Work required - Retype only the lines below from the one with "Select the implant" to the one with "In Windows 10, under", inclusive, skipping every image.

Data to examine section start

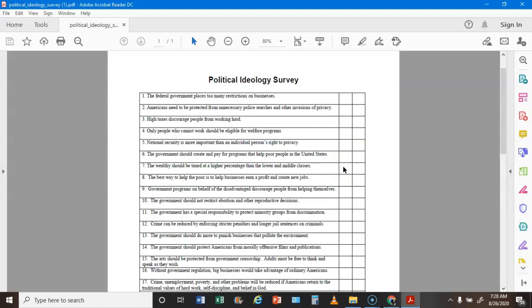Statement 7: The wealthy should be taxed a higher percentage than lower and middle class — if you agreed that's an L, if you disagreed that's a C. Statement 8: The best way to help the poor is to help businesses earn a profit and create new jobs — if you agreed that's a C, if you disagree that's an L. Statement 9: Government programs on behalf of the disadvantaged discourage people from helping themselves — if you agree that's a C, if you disagree that's an L.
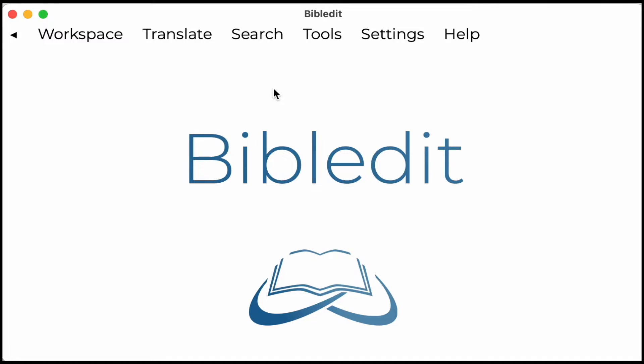This video will show you how to do a basic search and replace in Bibledit. Let us say we want to edit a name which occurs multiple times in the whole Bible. How to find them and replace them fast.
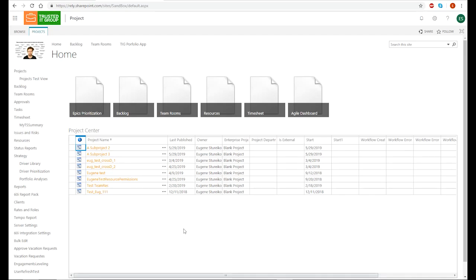Hello everyone! We're here today to learn how to create programs in the Microsoft PPM services. When I say creating the program, I mean creating a master project that will contain a certain number of sub-projects. All of these sub-projects may also have cross-project dependencies.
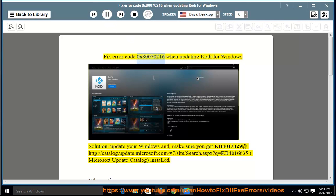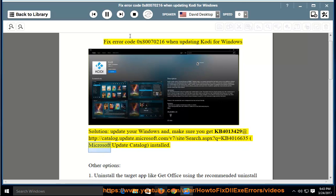Fix error code 0x80070216 when updating Kodi for Windows. Update your Windows and make sure you get KB4013429 at http://catalog.update.microsoft.com/v7/site/search.aspx?q=KB4016635 — Microsoft Update Catalog — installed.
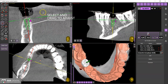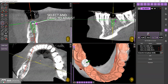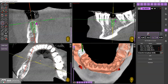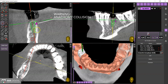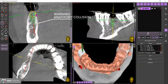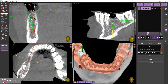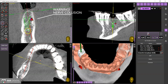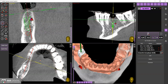Select the implant from either display and move it to adjust its position. The appearance of a magenta warning triangle indicates a collision between the sleeve corresponding to that implant and an anatomical element provided by the profile of the STL file. A red triangle instead indicates proximity to the nerve.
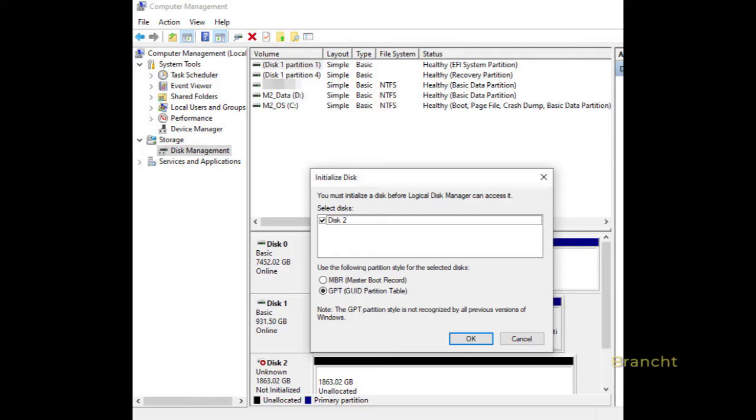In Windows 10, under Computer Management, Storage, Disk Management, it recognizes the new disk and prompts you to initialize the disk. In my case, I just select GPT and click OK.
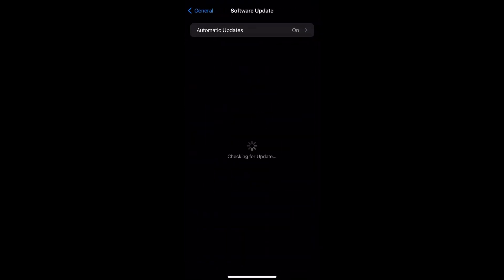It will search for updates. If there are any updates available, it will show up here. You can tap Update and Install and it will do it by itself. You can see I already have updated my iPhone to iOS 17.3.1, so I do not need any update.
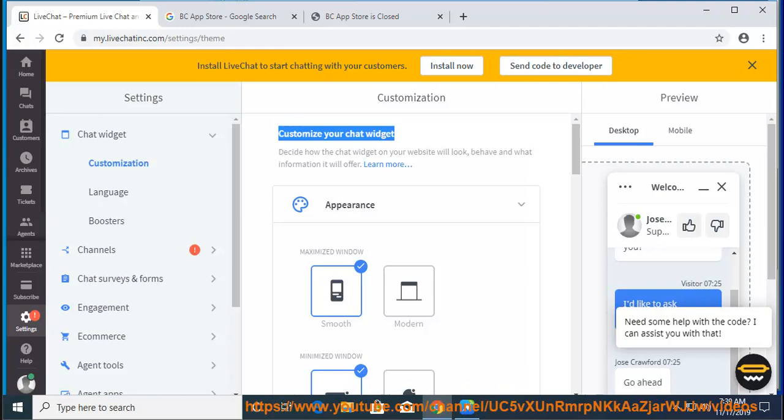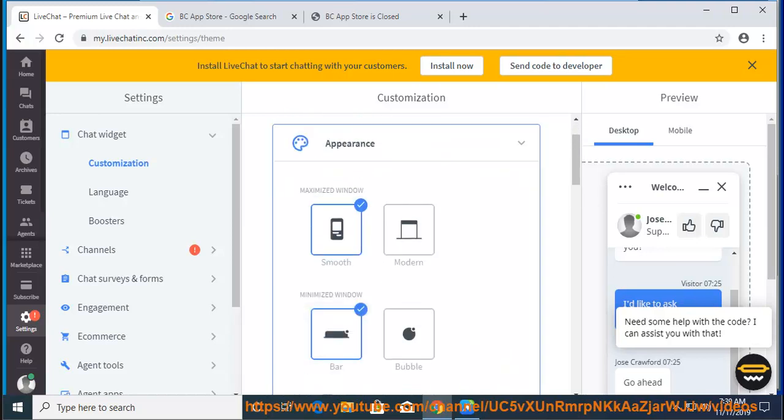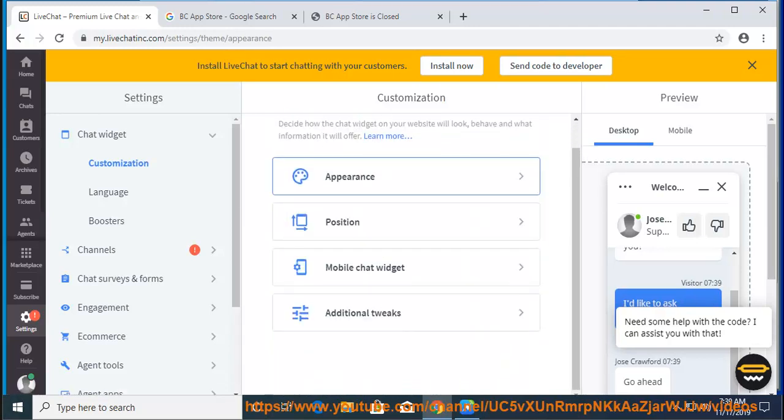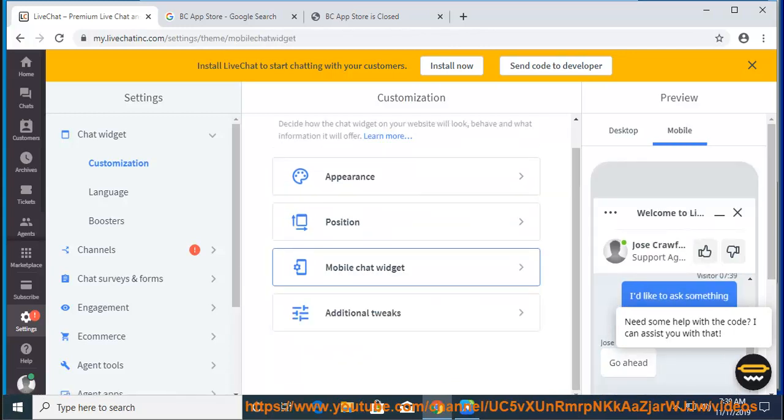For more tips on how you can personalize your chat window, visit our knowledge base. Hit lc.chat/66d4k and get yourself started with live chat.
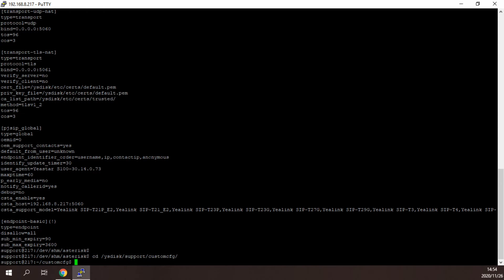At this time, press the key I and paste the copied contents, then add the parameter RTP_keepalive.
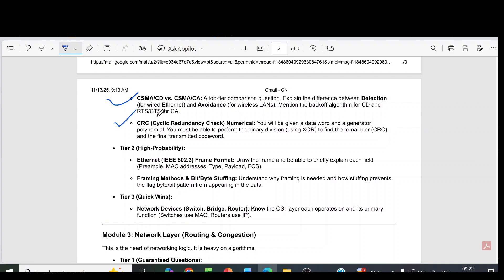Then CRC cyclic redundancy check numericals. Then tier 2 question with high probability is Ethernet IEEE 802.3 frame format. Then framing methods and bit stuffing.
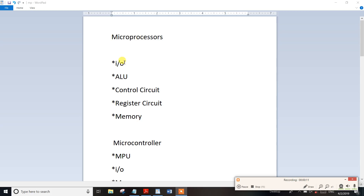What is the circuit? In the circuit, there is an input. For example, A. For example, a logic. For example, a control circuit. For example, a register circuit is memory.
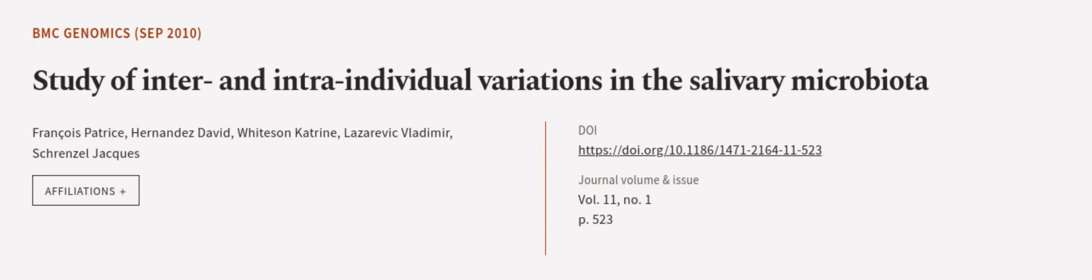This article was authored by Francois Patrice, Hernandez David, White Sun-Katrine, and others. We are article.tv, links in the description below.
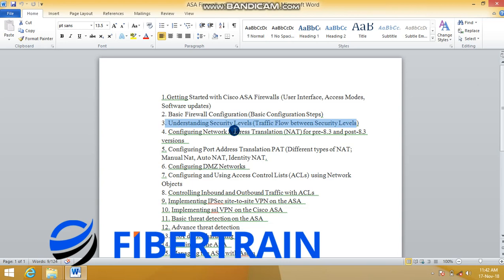We'll see how we can segment our network. Internet-facing devices like web servers and email servers should, as a best practice, be segmented from the corporate LAN. We'll place these servers on a DMZ, and the ASA will help us isolate these internet-facing servers by configuring a DMZ network.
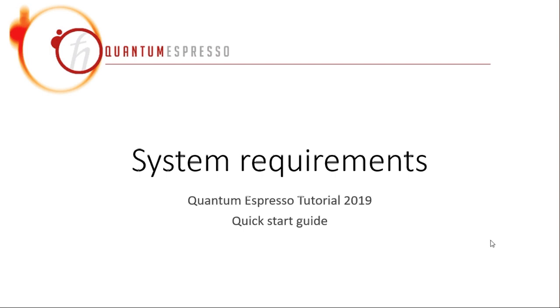Hello everyone, welcome back to my tutorial. Today I'm going to talk about the system requirements of Quantum Espresso and what are the hardware and software requirements.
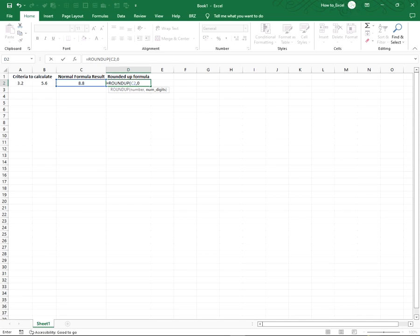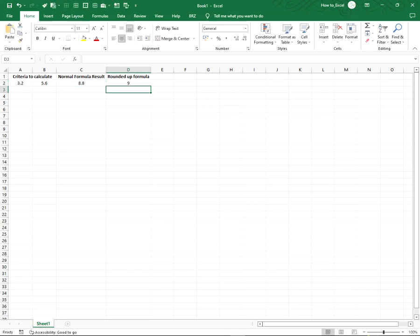I close my bracket and press enter. The formula has been rounded up correctly. This is an easy way to round up a formula result in Excel.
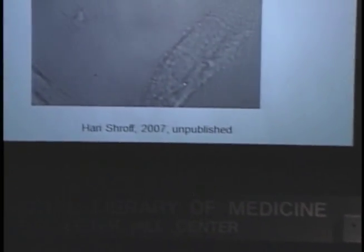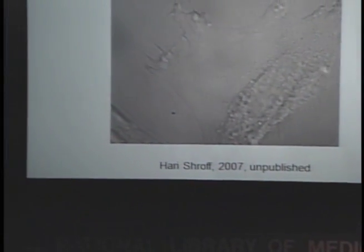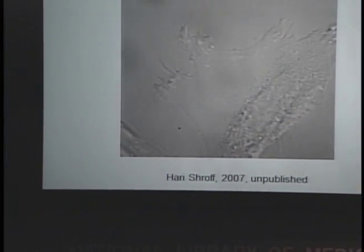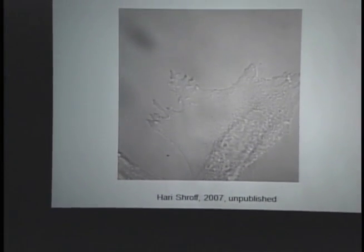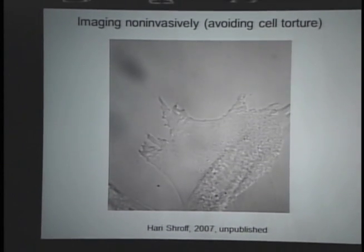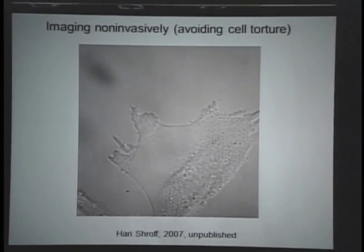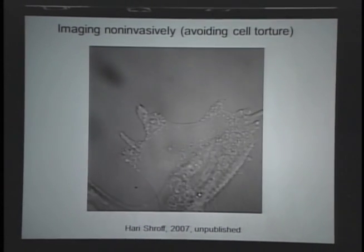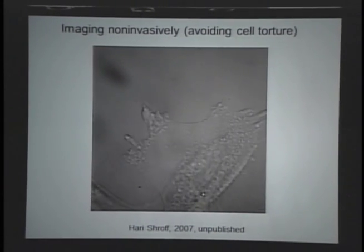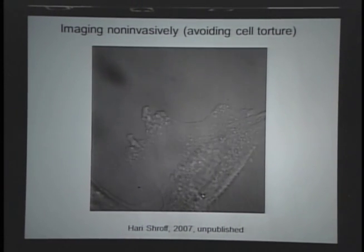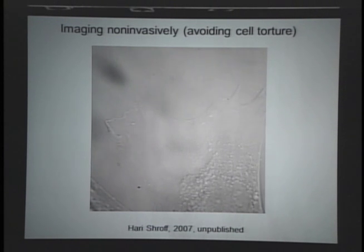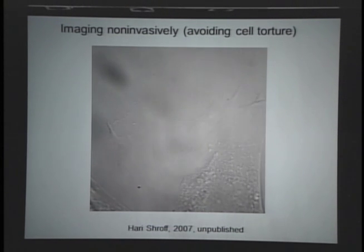One of the things I learned early in my tenure as a microscopist is that it's very easy to fry a single cell. Here you see a fiberglass cell cultured on a single coverslip. You're looking at it in bright field modality, but I was also shining a laser on this cell, and you can see it curling up. Eventually the cell would lift off the coverslip and die a watery death.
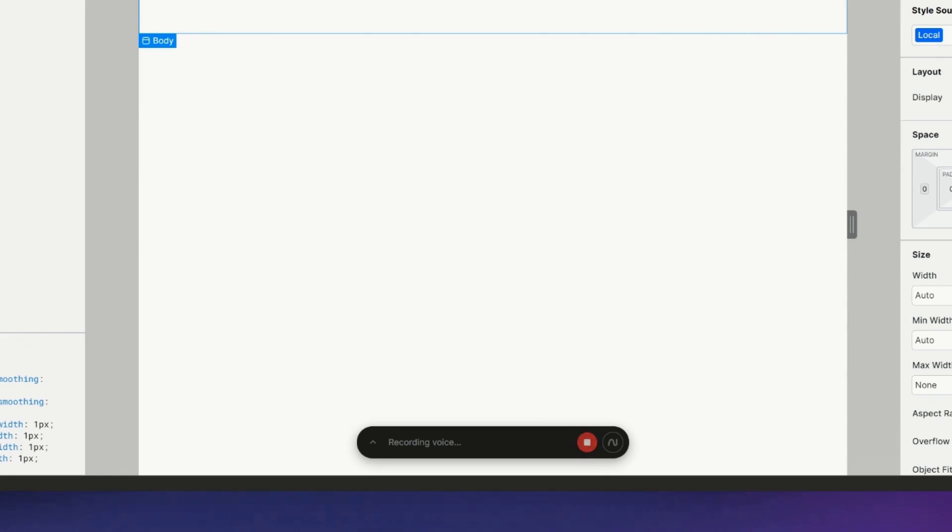add three pricing cards. The cards should be aligned beside each other, and each pricing card needs a headline, a price, a description, the features, and a call to action button.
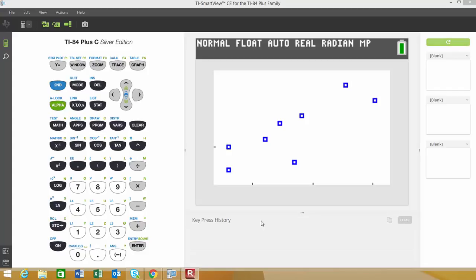In the last video, I showed you how to use the TI-84 graphing calculator to construct a scatter plot. In this video, I'm going to show you how to put the linear regression equation on the graph along with the scatter plot so you can view them together.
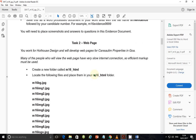Task 2: Web page. You work for Hotels Design and will develop web pages for Cancelium Properties in Goa. Many of the people who view the web page have very slow internet connections, so efficient markup must be used. In other words, when you write your website or create your web page, you must use methods that allow even people with slow internet to access your page in minimal time — they shouldn't be struggling to load the web pages. There are ways to code to allow images to be loaded quicker as opposed to waiting for graphics to load.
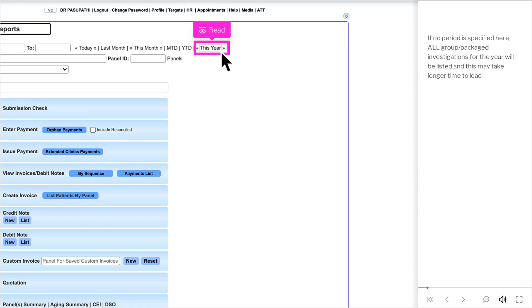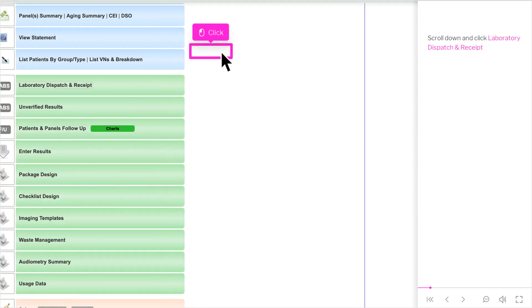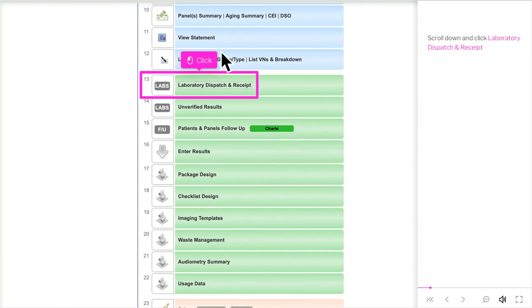If no period is specified, all group or packaged investigations for the year will be listed and this may take longer to load. Scroll down and click Laboratory Dispatch and Receipt.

Data to examine section end

Answer for the task -
Select the implant from either display and move it to adjust its position. The appearance of a magenta warning triangle indicates a collision between the sleeve corresponding to that implant and an anatomical element provided by the profile of the STL file. A red triangle instead indicates proximity to the nerve.
In Windows 10, under Computer Management, Storage, Disk Management, it recognizes the new disk and prompts you to initialize the disk. In my case, I just select GPT and click OK.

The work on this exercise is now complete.